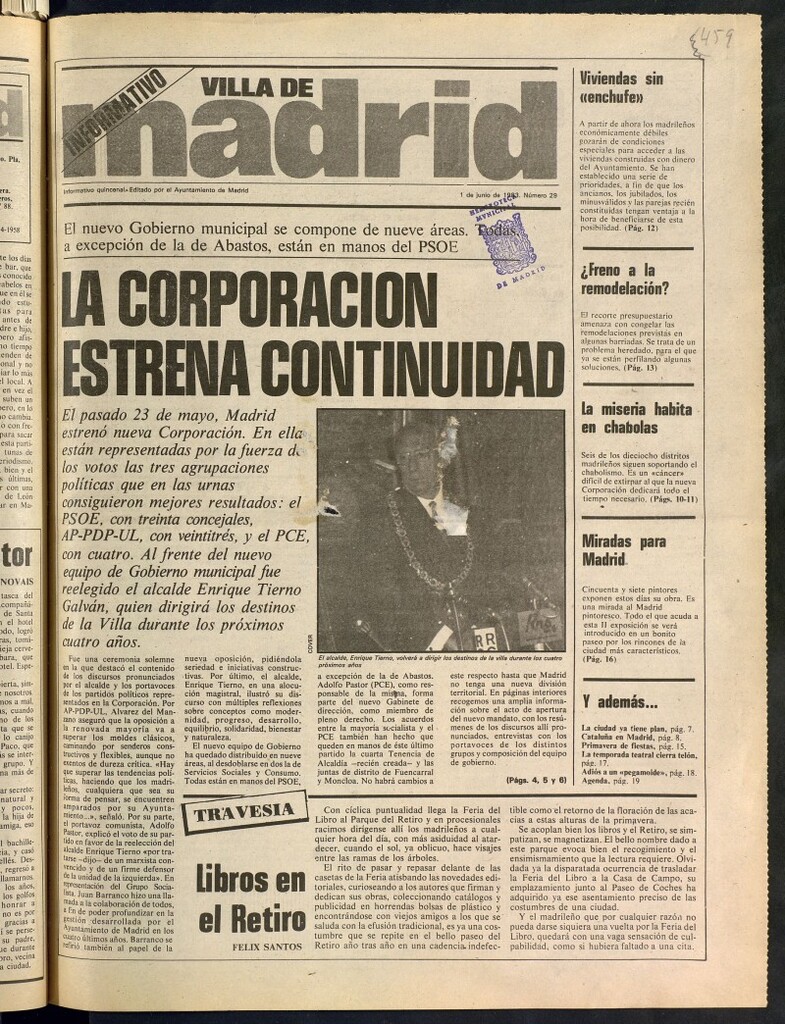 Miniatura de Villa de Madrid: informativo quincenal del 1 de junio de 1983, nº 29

==

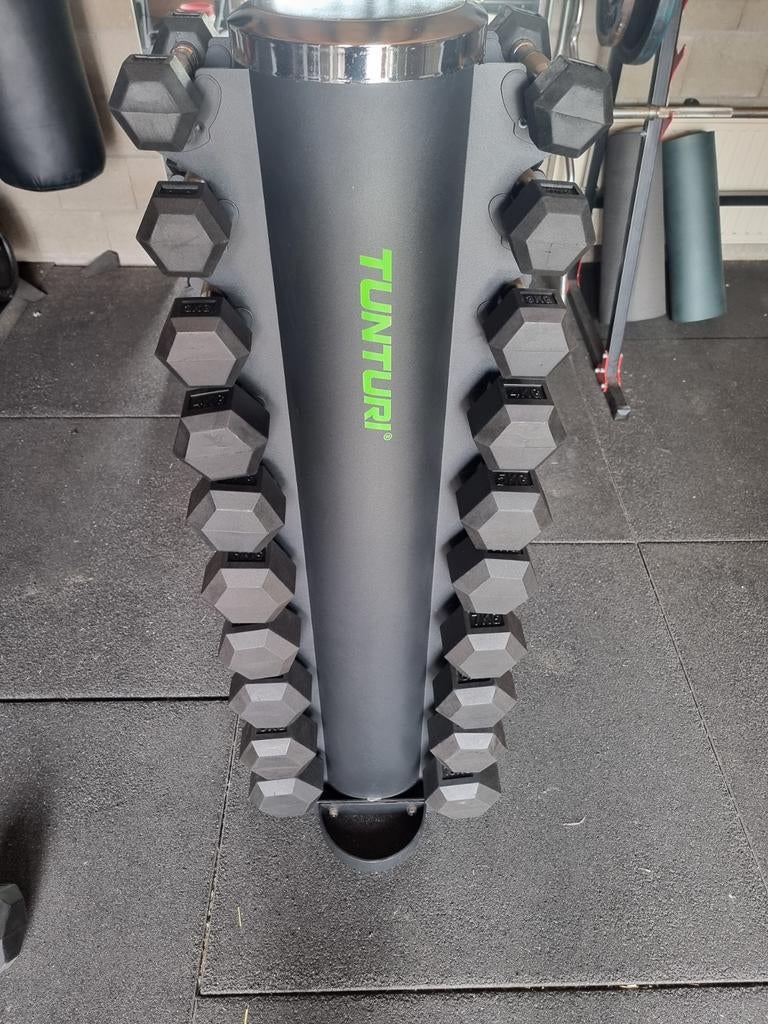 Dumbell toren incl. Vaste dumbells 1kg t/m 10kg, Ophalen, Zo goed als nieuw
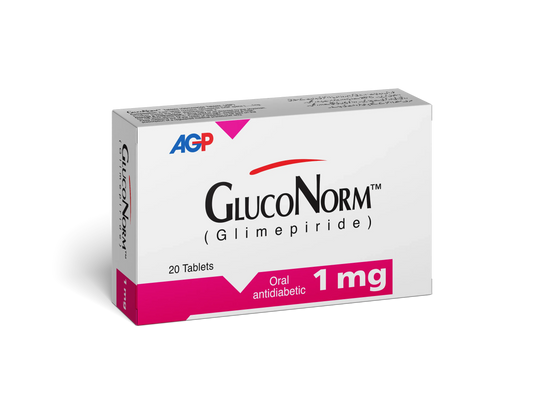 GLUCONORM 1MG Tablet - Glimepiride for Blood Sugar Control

--

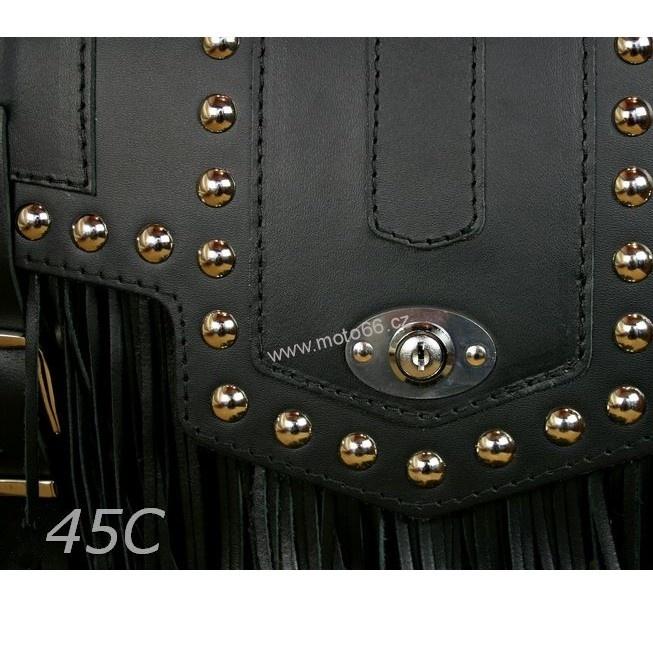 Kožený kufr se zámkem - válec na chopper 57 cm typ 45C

EXERCISE GOAL> Return exactly the lines above, from the one with "Dumbell toren incl." up to and including the one with "GLUCONORM 1MG Tablet", and include no pictures.

TASK ANSWER>
 Dumbell toren incl. Vaste dumbells 1kg t/m 10kg, Ophalen, Zo goed als nieuw
 GLUCONORM 1MG Tablet - Glimepiride for Blood Sugar Control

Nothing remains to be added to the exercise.